+++ Input data

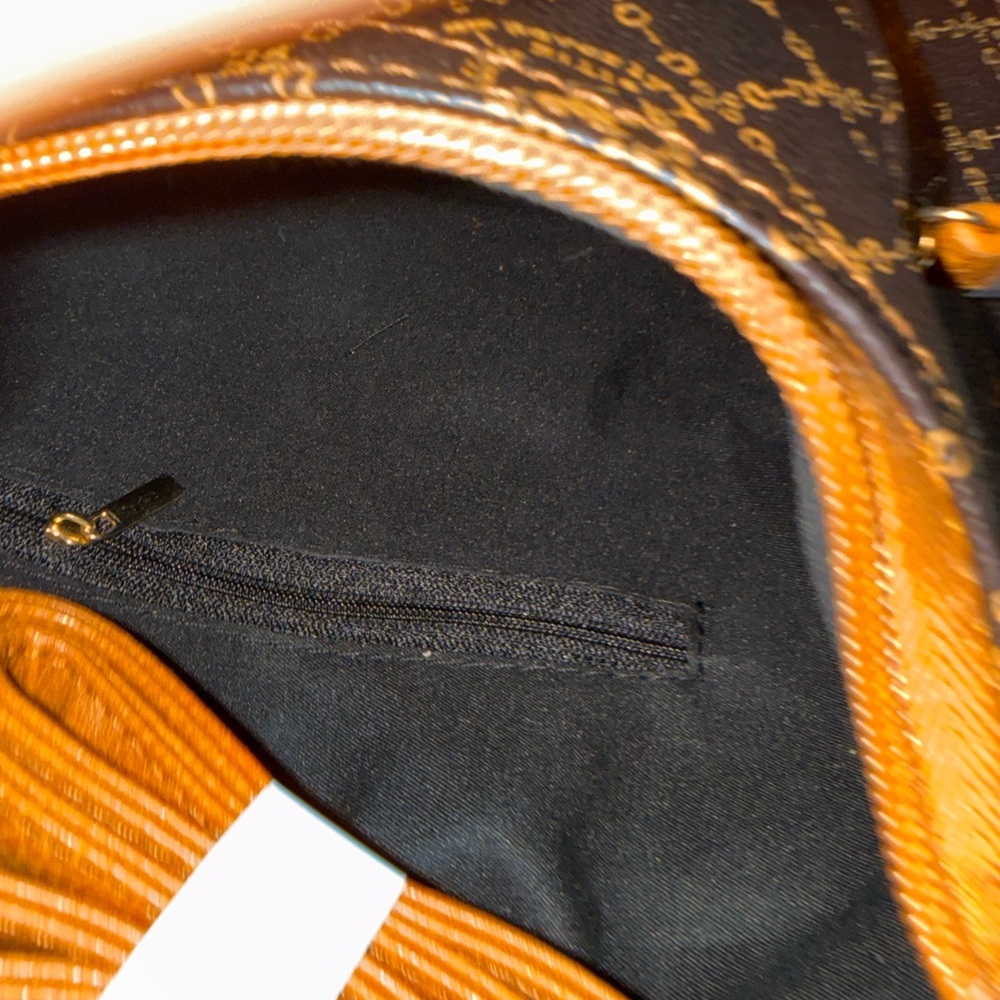 Beverly Hills Polo Club Black and Tan Shoulder Bag - Picture 3 of 7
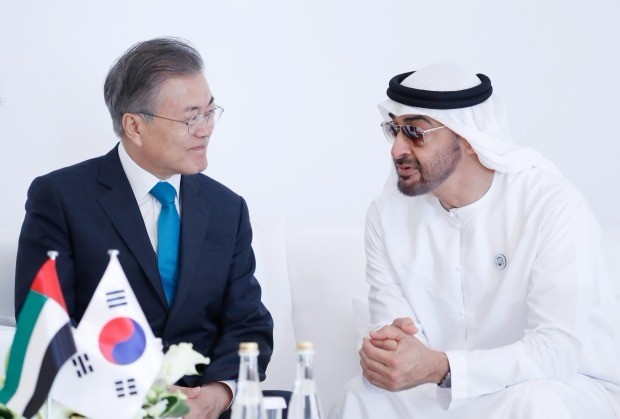 아랍에미리트(UAE)를 공식 방문 중인 문재인 대통령이 26일 오후 바라카 원전 1호기 건설 완료행사에서 모하메드 빈 자이드 알 나흐얀 왕세제와 이야기를 나누고 있다. 청와대사진기자단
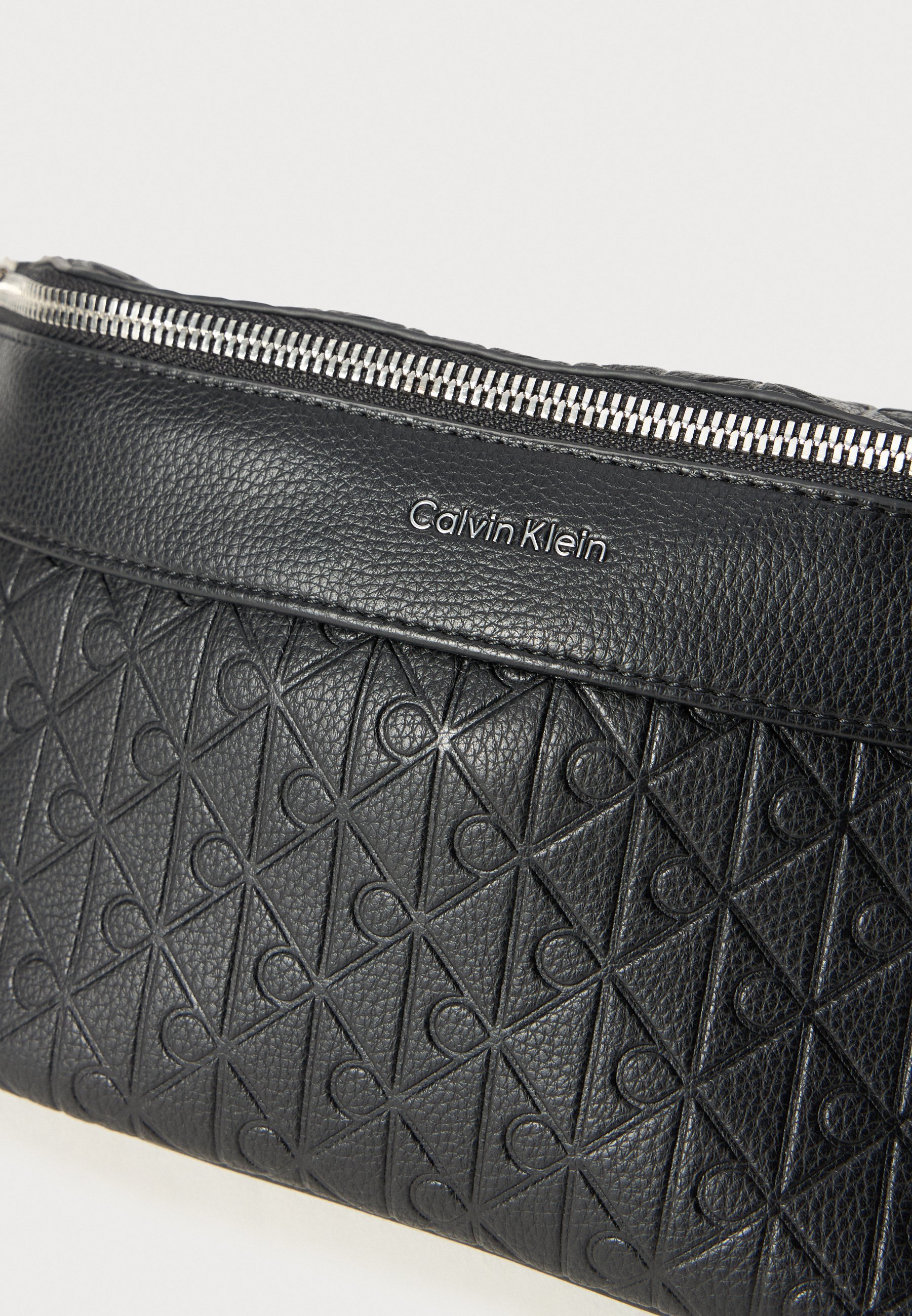 Calvin Klein EMBLEM EMBOSS WAISTBAG - Ledvinka - black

++++++

_Instructions for the task_
With the pictures left out, copy exactly the lines from the one containing "아랍에미리트(UAE)를 공식 방문" through the last line of the data.

_Task answer_
 아랍에미리트(UAE)를 공식 방문 중인 문재인 대통령이 26일 오후 바라카 원전 1호기 건설 완료행사에서 모하메드 빈 자이드 알 나흐얀 왕세제와 이야기를 나누고 있다. 청와대사진기자단
 Calvin Klein EMBLEM EMBOSS WAISTBAG - Ledvinka - black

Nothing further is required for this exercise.